At 4:45, according to when I called my mom, I finally left customs. After some confusion, a number of phone calls, and checking my work email, my mother finally arrived in her Ford Escape. We got a little turned around, but were finally on our way to Wisconsin. We stopped at one of my other favorite Chicago features - one of the Oasises, Lake Forest - which used to be just one giant fast food restaurant, but is now more like a food court with lots of choices, suspended over the interstate highway. When I was a kid, the Belvedere Oasis was the McDonald's, I think another one was a Hardee's, and that Lake Forest was actually a Wendy's, which we never went to because my family had no familiarity with the Wendy's chain, since there wasn't one in Rapids.

While Mom got gas, I walked over to the Oasis to see what they had. I got a medium coffee at Starbucks, then decided to get two pieces of Original Recipe dark meat chicken at KFC. I found Mom, and she went off to get her own food, then we went to the gas station so she could get a beverage, and we were off, on our way to home.

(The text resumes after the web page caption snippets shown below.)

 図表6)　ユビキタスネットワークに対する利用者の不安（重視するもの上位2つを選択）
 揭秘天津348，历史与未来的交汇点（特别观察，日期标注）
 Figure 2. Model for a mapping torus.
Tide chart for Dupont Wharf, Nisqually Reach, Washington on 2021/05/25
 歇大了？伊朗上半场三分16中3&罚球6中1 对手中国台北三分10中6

I told stories, and listened to Mom's stories, then we got into Milwaukee and arrived at my sister's place. Mom had used this trip to get me to also pick up her expensive, but quality Adirondack chairs, and they were in the back of the SUV. We had to leave one at my sister's place, however, in order to make room for my sister to sit in the vehicle. We parked near her house, unloaded things, and brought a chair into her house. After talking for a little while with her roommate, and playing with the kitties, Mom, Sister, and I really set out for home. My throat became parched from all of the great conversation, from my own stories, their stories, and sharing information from documentaries, like the BBC's Lost Kingdoms of Africa.

When we were by Menasha, Dad called, and, at the same time, Sister indicated that she was a little lost. Mom and Sister were attempting to figure out where we were, and how we could get to where we wanted to be. At the same time, Dad was in my ear, wondering where we were, but Sister told me, several times, "don't say that," as I attempted to give Dad information that would directly answer his direct question. Eventually, Sister said "we're an hour and a half from home," I relayed the message to Dad, who said that he thought he would still be awake when we got home, but I was dubious. This happened some time after 9pm.

We continued the conversation throughout the rest of the trip, sailing through Stevens Point, and began the final, and most harrowing part of the trip, for me, at least. This part was all of the unlit county highways, leading to the state highway that leads to my parents' driveway. At any time during this segment (except for the part through the village, where there were lights and the speed limit was 25), a roughly 100 or 200 (I think) pound hoofed mammal's eyes would reflect the headlights, and it would dart into the path of our vehicle. The last time that this happened to me was in 2007, in a rental car, on the way down to Milwaukee, in the outskirts of Wisconsin Rapids. I saw the deer, applied the brakes, and swerved, just in time to look into the eyes of the terrified doe as she scrambled away with her life. We did not repeat anything like that during our drive home, arrived after 11pm, safe and sound, and found that Dad had gone to bed.

We talked a little more, I took out a few souvenirs, and gave Mom some of her gifts, changed for bed, then retreated upstairs, to my old room, to finally end Day 12.